Poorly defined or incomplete KPI’s
The business user is the person who is able to define what KPI’s he/she will need in order to perform their job. The business user must be the driving force behind the definition of the KPI’s. It is often hard to get them to think out of the conventional model, but since the EDW/BI implementation is a fresh system, they should have a key role in defining how they want to perform their analysis. Most of the legacy systems were built to identify certain needs and there was no consideration of analysis regarding the business indicators.
Complex Data Model/Cubes
KISS – Keep It Simple, Stupid!
The more complexity there is to a system, the harder it will become to maintain in the longrun. In some cases, the KPI’s will need to be readjusted based on a better understanding of the requirement (and a simpler system is easier to rework than a highly complex one). Also consider the Large Scope point – keeping a limited scope will naturally tend to limit the data and hence its complexity.

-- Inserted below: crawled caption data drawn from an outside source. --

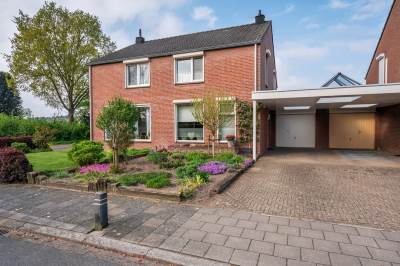 Woning Burgemeester van Deelensingel 102 Velden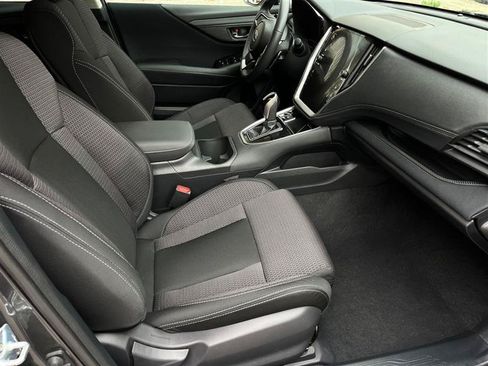 Used 2025 Subaru Outback Premium AWD/4WD image 8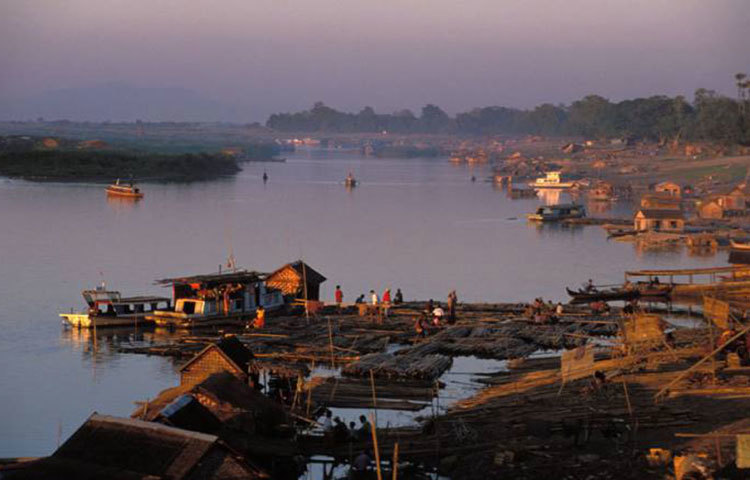 এটি বিখ্যাত ইরাবতী নদী। মিয়ানমার দিয়ে এ নদীটি প্রবাহিত হয়েছে।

Strong coupling between EDW and BI environment
Do not try to make the EDW structure in order to support the current choice of BI or Reporting or Analysis tool. The user may want the data to be available in excel. The BI tool may be scrapped for another one in the future. Make sure the EDW is designed independantly of the choice of the BI tool. Different business users may have different needs for analysis and there may be several ways that certain data may be required. Keep the data in structures that are generic and relevant to the business definition across a broad range of business users instead of limiting the scope to a specific tool or requirement.